WHAT THIS TASK INVOLVES — In the data below, one line contains "Achenkirch Appartement |" and a later one contains "Buccellati Opera Grande". Print both, with every line between them, exactly and alone.

DATA TO PROCESS —
Content starts
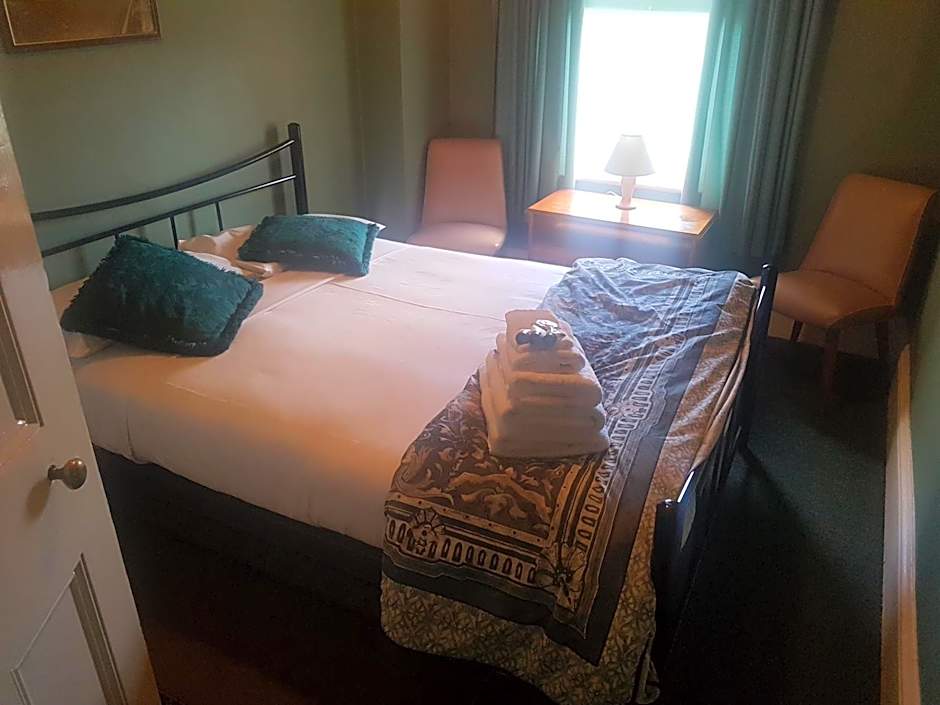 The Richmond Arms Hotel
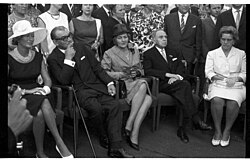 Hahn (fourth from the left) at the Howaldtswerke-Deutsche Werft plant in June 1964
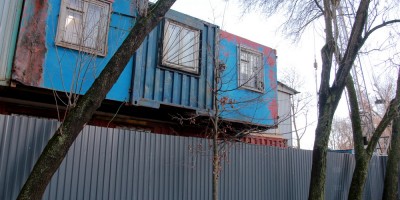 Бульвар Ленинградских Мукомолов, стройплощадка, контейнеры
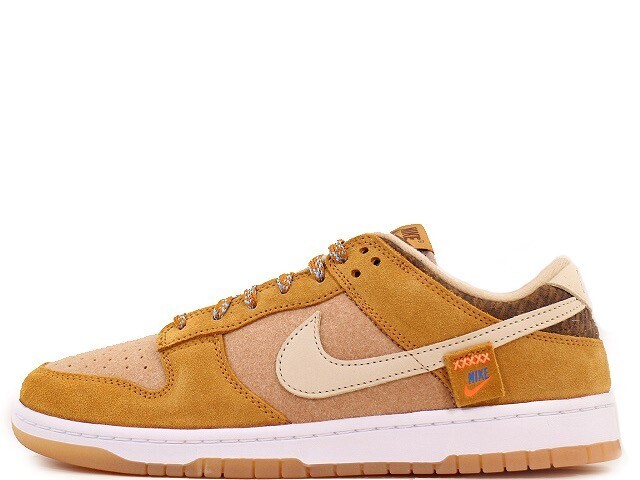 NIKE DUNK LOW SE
Content ends
Content starts
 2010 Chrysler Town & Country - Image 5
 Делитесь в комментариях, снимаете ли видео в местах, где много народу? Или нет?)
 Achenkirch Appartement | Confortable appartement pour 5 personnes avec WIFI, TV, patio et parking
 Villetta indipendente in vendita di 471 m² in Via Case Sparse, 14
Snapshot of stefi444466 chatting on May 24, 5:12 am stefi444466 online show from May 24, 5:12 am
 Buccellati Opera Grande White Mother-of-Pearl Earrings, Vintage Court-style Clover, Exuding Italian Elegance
Content ends
COMPLETED EXERCISE —
 Achenkirch Appartement | Confortable appartement pour 5 personnes avec WIFI, TV, patio et parking
 Villetta indipendente in vendita di 471 m² in Via Case Sparse, 14
Snapshot of stefi444466 chatting on May 24, 5:12 am stefi444466 online show from May 24, 5:12 am
 Buccellati Opera Grande White Mother-of-Pearl Earrings, Vintage Court-style Clover, Exuding Italian Elegance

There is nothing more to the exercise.